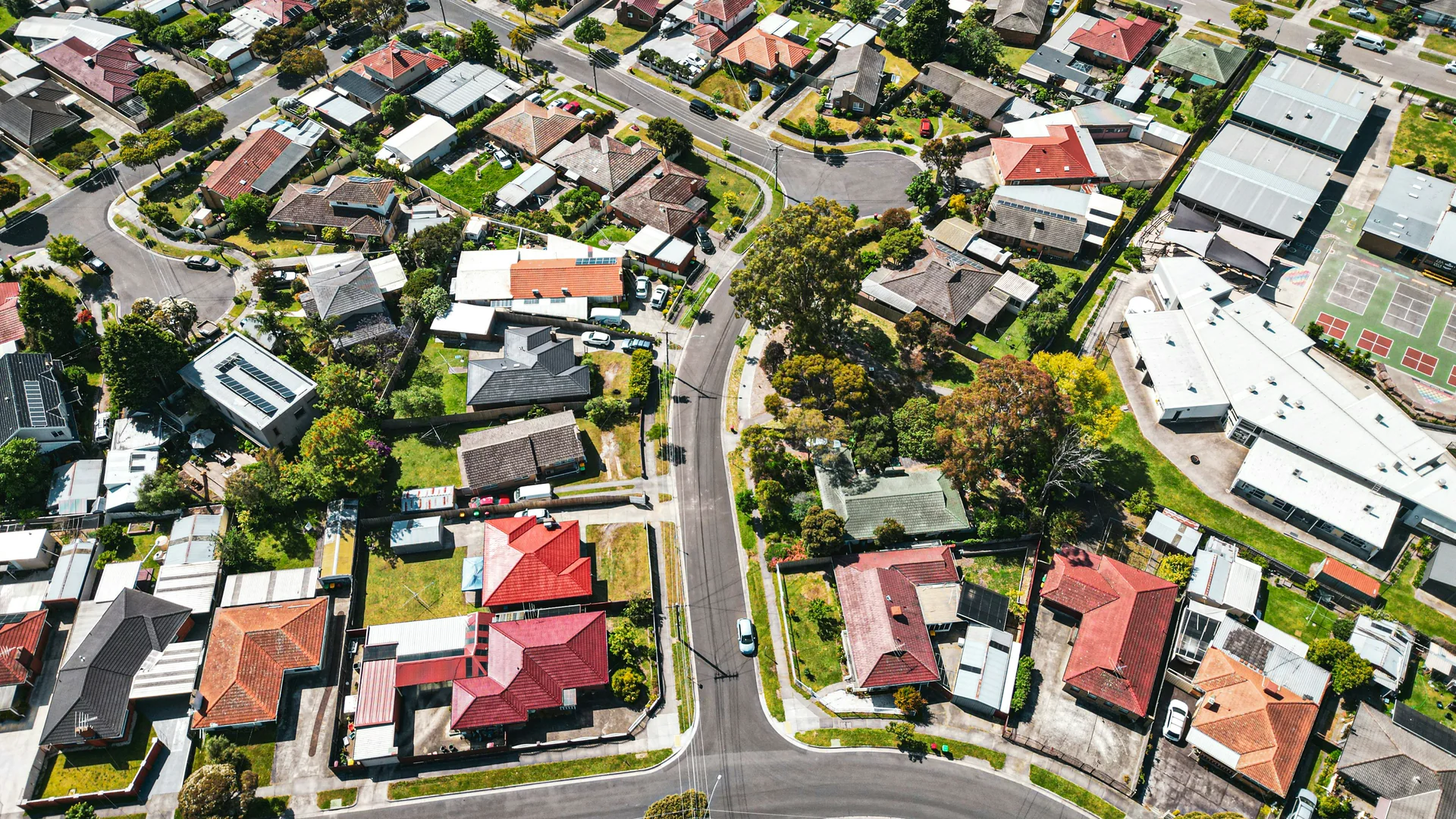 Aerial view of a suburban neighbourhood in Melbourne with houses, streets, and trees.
================
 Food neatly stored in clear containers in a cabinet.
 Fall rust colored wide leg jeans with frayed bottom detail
================
▸ Required action
Reprint exactly the lines above that start at the one with "Food neatly stored" and end at the one with "Fall rust colored", keeping both and adding none.

▸ Answer box
 Food neatly stored in clear containers in a cabinet.
 Fall rust colored wide leg jeans with frayed bottom detail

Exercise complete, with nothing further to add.